Quais os próximos passos que você planeja para sua carreira?
Estou finalizando a edição do segundo clip. Quero lançar algum livro esse ano. Tem meu espetáculo interativo infantojuvenil que conta a história de uma criança que sonha em construir uma casa de bambu. Tem também a oficina “Quero ver verdejar” inspirada no meu livro de mesmo nome. Quero fazer shows para divulgar esse cd (que tem também uma edição japonesa) e pretendo no final desse ano começar a pensar no próximo álbum.
Você tem uma agenda que queira divulgar?
Dia 08 de maio Flávia Muniz e o Olho Mágico se apresentam no programa de rádio da Rádio MEC “Ao vivo entre amigos”, da Marina Barreto.
E por qual caminho (ou, por quais caminhos) você acha que segue a música brasileira atualmente?

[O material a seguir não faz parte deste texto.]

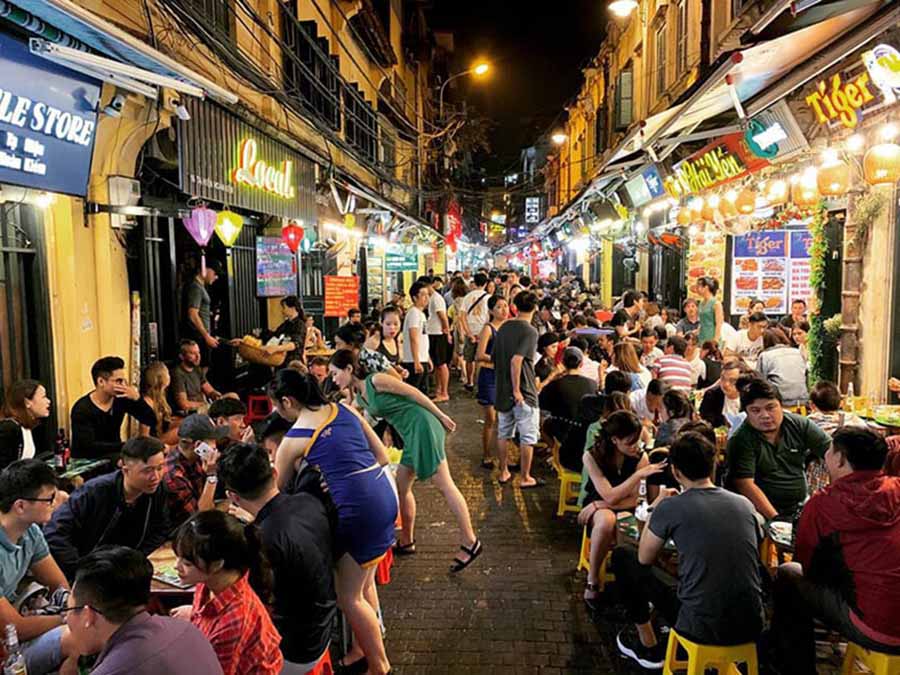 A bustling fast food street in Vietnam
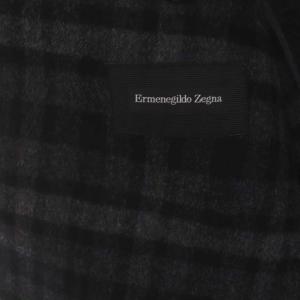 Ermenegildo Zegna ウール チェック テーラードジャケット 2B エルボーパッチ 背抜き 7/54C グレー ブラック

Quem diz que o Brasil foi descoberto é porque ainda não descobriu o Brasil. O baterista do olho mágico, Thiago Kobe, teve uma iniciativa muito boa que foi sindicalizar a questão da música nas casas de show e reunir os músicos para tal conversa. Falar de caminhos da musica brasileira pra mim é falar da vida. Estamos em rede, na cidade da copa. Resta saber se queremos cultura como mercadoria ou bem comum.